[International]
Dans le cadre de la semaine des solidarités internationales, l'association Amitiés kurdes de Bretagne et la maison des mondes ont invité l'écrivain Gérard Chaliand spécialiste des conflits armés pour une conférence. Une semaine qui s'achève par un marché du monde solidaire dimanche 27 novembre.
Il a le crâne lisse de celui qui a roulé sa bosse un peu partout dans le monde. L'écrivain Gérard Chaliand est un aventurier, mais également un spécialiste des conflits armés et du droit des minorités. Vendredi 25 novembre, il intervient à l'auditorium de la maison internationale de Rennes sur un thème d'actualité: "terrorisme, lutte armée, résistance". Une conférence organisée dans le cadre de la semaine des solidarités internationales (lire le programme) par l'association Amitiés kurdes de Bretagne.
«La question kurde est un des grands scandales historiques du XXe siècle, déplore cet ancien maître de conférence de l'Ena.
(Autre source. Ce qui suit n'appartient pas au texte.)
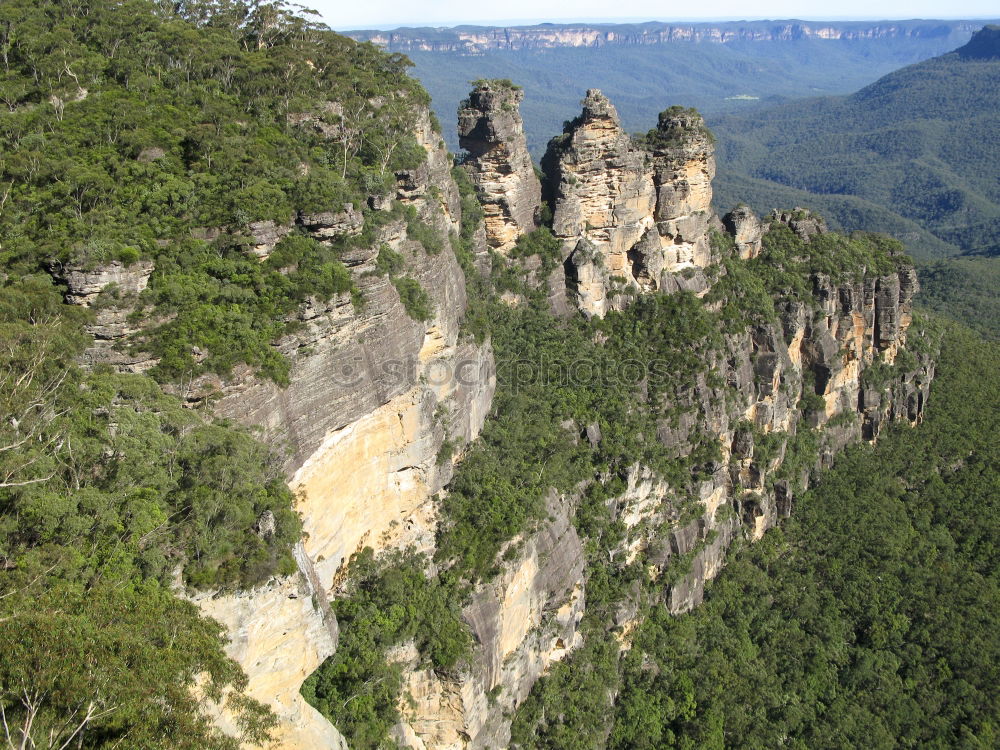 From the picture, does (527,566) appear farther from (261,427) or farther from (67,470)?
(67,470)

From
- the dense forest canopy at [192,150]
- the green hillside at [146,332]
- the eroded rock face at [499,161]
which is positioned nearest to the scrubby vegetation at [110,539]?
the green hillside at [146,332]

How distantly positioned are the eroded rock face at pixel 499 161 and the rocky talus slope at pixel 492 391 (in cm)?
11

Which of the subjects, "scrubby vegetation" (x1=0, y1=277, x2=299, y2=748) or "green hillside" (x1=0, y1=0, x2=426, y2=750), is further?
"green hillside" (x1=0, y1=0, x2=426, y2=750)

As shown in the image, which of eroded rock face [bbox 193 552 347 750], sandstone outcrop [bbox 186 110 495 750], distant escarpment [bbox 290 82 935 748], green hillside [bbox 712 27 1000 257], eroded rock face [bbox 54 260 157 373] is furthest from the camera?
green hillside [bbox 712 27 1000 257]

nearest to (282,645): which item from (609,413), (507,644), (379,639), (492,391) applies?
(379,639)

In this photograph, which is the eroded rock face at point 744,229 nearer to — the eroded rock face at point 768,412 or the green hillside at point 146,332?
the eroded rock face at point 768,412

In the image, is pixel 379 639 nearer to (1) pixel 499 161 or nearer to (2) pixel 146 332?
(2) pixel 146 332

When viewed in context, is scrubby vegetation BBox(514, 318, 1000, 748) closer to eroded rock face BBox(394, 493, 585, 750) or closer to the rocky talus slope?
eroded rock face BBox(394, 493, 585, 750)

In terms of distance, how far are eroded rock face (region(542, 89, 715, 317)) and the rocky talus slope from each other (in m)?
0.12

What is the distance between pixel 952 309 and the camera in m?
73.2

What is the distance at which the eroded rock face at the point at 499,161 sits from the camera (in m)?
34.1

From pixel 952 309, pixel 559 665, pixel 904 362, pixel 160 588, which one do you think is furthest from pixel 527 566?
pixel 952 309

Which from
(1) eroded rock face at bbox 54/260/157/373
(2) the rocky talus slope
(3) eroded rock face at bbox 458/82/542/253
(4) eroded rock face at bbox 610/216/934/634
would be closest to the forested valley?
(1) eroded rock face at bbox 54/260/157/373

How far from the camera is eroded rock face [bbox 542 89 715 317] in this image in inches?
1444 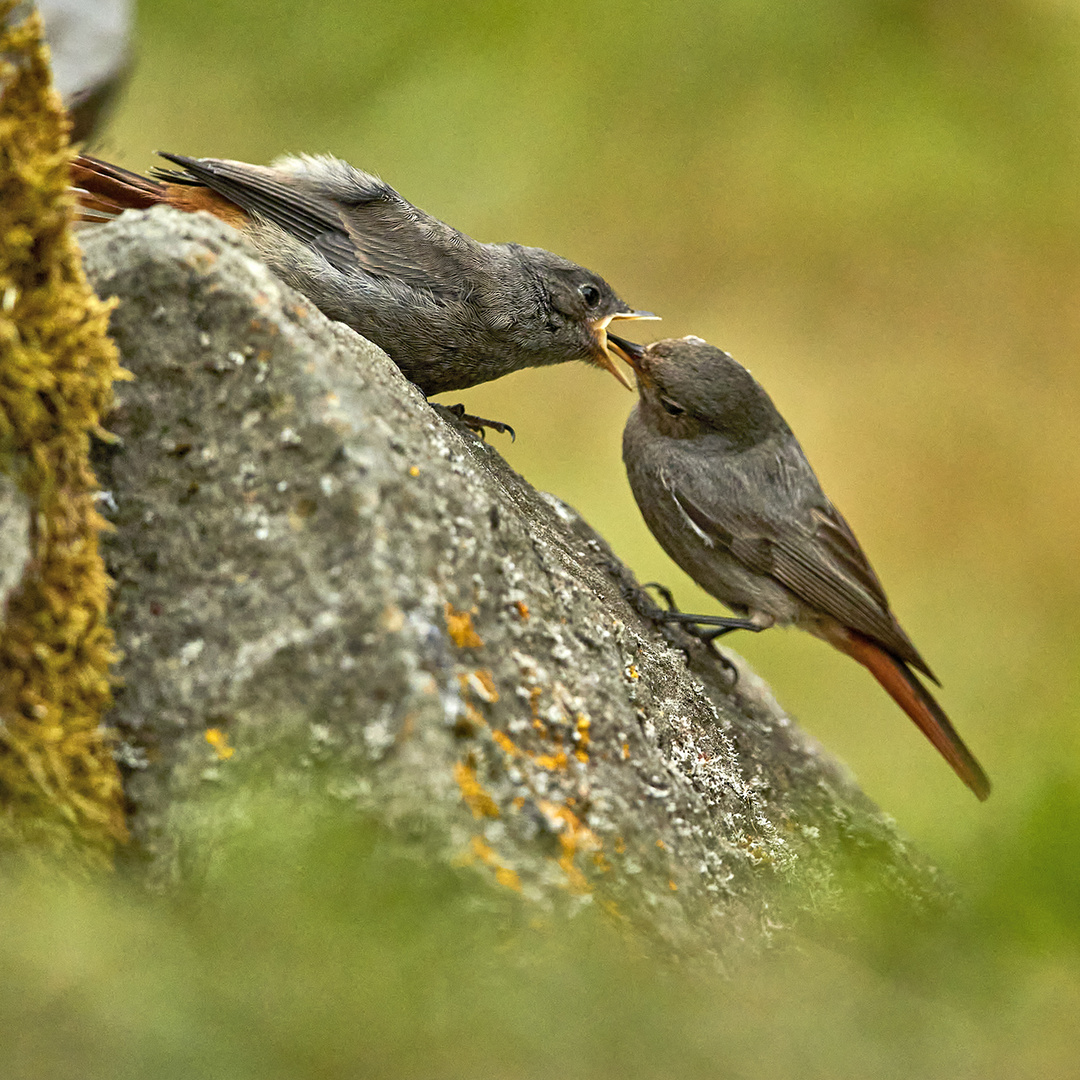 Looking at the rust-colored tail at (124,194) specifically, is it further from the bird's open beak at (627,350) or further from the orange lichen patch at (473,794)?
the orange lichen patch at (473,794)

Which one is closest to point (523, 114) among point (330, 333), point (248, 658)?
point (330, 333)

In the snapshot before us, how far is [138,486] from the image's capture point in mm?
2520

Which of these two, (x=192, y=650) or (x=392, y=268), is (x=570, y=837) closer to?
(x=192, y=650)

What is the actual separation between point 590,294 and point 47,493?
291 centimetres

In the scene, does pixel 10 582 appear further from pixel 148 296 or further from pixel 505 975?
pixel 505 975

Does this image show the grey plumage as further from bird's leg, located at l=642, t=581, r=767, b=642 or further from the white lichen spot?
the white lichen spot

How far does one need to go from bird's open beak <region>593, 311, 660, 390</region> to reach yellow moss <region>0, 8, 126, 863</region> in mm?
2776

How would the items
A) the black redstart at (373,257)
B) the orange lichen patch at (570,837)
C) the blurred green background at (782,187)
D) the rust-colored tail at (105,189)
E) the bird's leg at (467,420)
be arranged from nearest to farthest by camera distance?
the orange lichen patch at (570,837)
the rust-colored tail at (105,189)
the black redstart at (373,257)
the bird's leg at (467,420)
the blurred green background at (782,187)

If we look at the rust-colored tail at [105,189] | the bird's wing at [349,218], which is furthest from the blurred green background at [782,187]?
the rust-colored tail at [105,189]

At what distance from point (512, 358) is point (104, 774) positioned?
8.51ft

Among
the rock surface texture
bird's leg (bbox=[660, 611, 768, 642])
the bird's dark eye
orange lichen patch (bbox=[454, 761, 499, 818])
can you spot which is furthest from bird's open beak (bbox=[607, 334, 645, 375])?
orange lichen patch (bbox=[454, 761, 499, 818])

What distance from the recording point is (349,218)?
4.05 m

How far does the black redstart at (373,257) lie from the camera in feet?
12.5

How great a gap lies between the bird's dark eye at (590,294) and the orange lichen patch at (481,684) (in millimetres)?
2594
Dès 1924, Atatürk déclare que la Turquie est le pays des seuls Turcs, excluant de fait les Kurdes. Jusqu'en 1991, il n'existe officiellement pas de Kurdes en Turquie alors qu'à l'époque on les estimait à 6 ou 8 millions.»
Il faudra attendre la première guerre du Golfe pour qu'ils obtiennent un début de reconnaissance. La région du Kurdistan s'étend alors sur 530 000 km2, à cheval entre la Turquie, l'Irak, l'Iran et la Syrie. Une situation géostratégique importante.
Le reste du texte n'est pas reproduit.